In the vectric tutorial he said dont worry about the size of profile. But I did make it 1 inch. 
In that pic ,I want base to be .25 and profile .5 making it all .75. In mine it's .5 base or more probably .65


----------



## MEBCWD (Jan 14, 2012)

jeffp60 said:


> In the vectric tutorial he said dont worry about the size of profile. But I did make it 1 inch.
> In that pic ,I want base to be .25 and profile .5 making it all .75. In mine it's .5 base or more probably .65


Remember you can change the height of the model in the Component Properties menu. Also your model does not have to be the full thickness of the material. In my design file I had a material thickness of 0.375 but I had my model thickness set as 0.230 and had the model 0.03 down from the top of the material. That leaves 0.115 under the bottom of the model that will not be machined with a roughing or finish past so any tabs you add are safe from being cut by roughing and finish.

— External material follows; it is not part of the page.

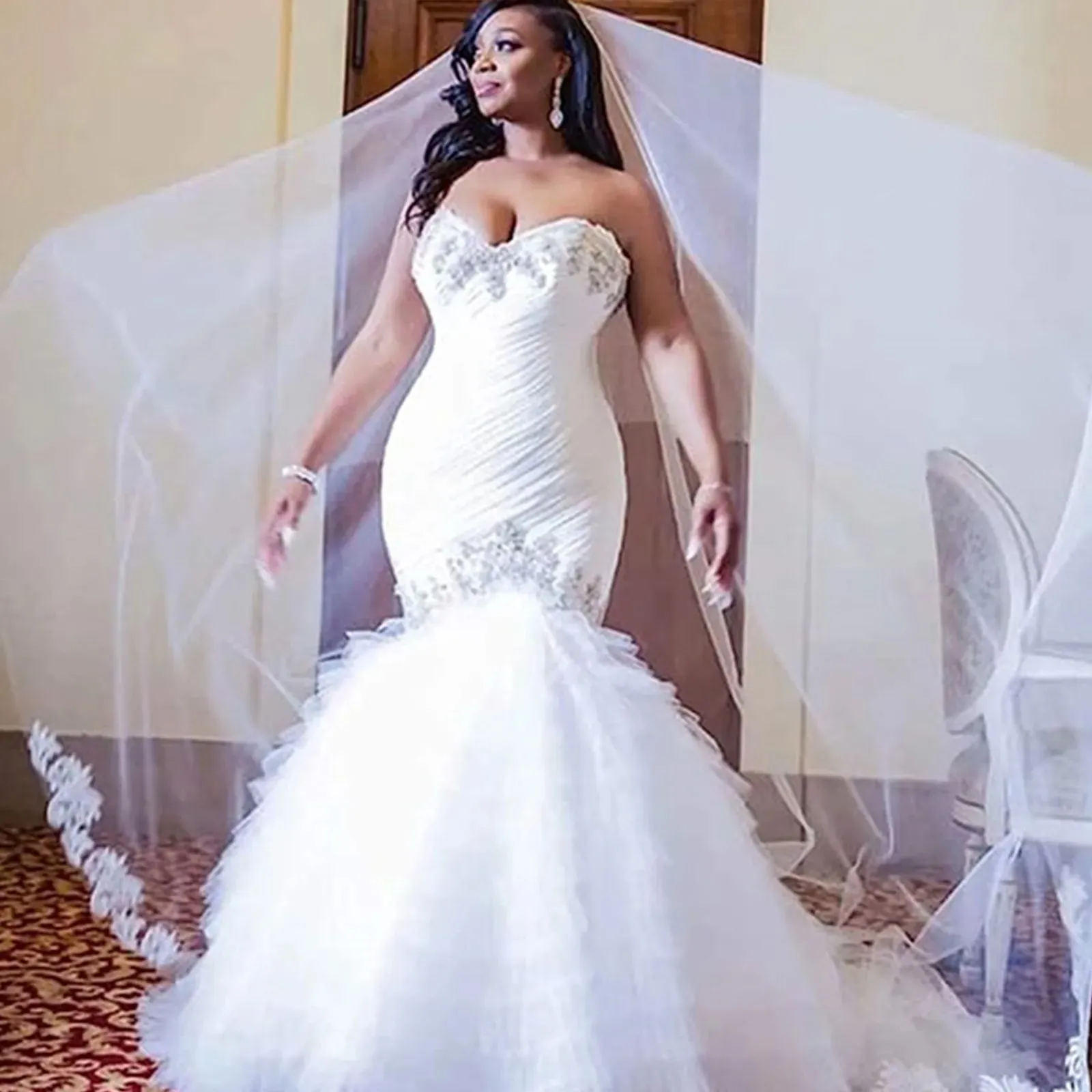 Fashion African Mermaid Wedding Dresses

Your cutout toolpath will cut the rest of the plaque and leave any tabs you add.


----------



## jeffp60 (Apr 5, 2019)

That's what I did. Play some more tomorrow


----------



## jeffp60 (Apr 5, 2019)

Played around today.I think I had model set at .5 inch and material at .75. Did rough cut and it took it all down. Then changed bit and did finish. It was about 1/8 inch above the rough cut.I set z zero on top of material. 
Back to drawing board and I see it rough cuts over whole model. I set model boundary.how do I get it to only rough/finish the contoured edge?
I've been watching videos all day,12 so far. Started from beginners #1....my eyes are bleeding......
Oh and Tinkerbell, I tried 60 degree 1/4 inch v groove at .02. Barely cut in but still a lot of tearout or overlap.ready to try a Finnish nail.


----------



## MEBCWD (Jan 14, 2012)

jeffp60 said:


> Played around today.I think I had model set at .5 inch and material at .75. Did rough cut and it took it all down. Then changed bit and did finish. It was about 1/8 inch above the rough cut.I set z zero on top of material.
> Back to drawing board and I see it rough cuts over whole model. I set model boundary.how do I get it to only rough/finish the contoured edge?
> I've been watching videos all day,12 so far. Started from beginners #1....my eyes are bleeding......
> Oh and Tinkerbell, I tried 60 degree 1/4 inch v groove at .02. Barely cut in but still a lot of tearout or overlap.ready to try a Finnish nail.


What software were you using to output the gcode to cut this or are you talking about the preview in the software?


----------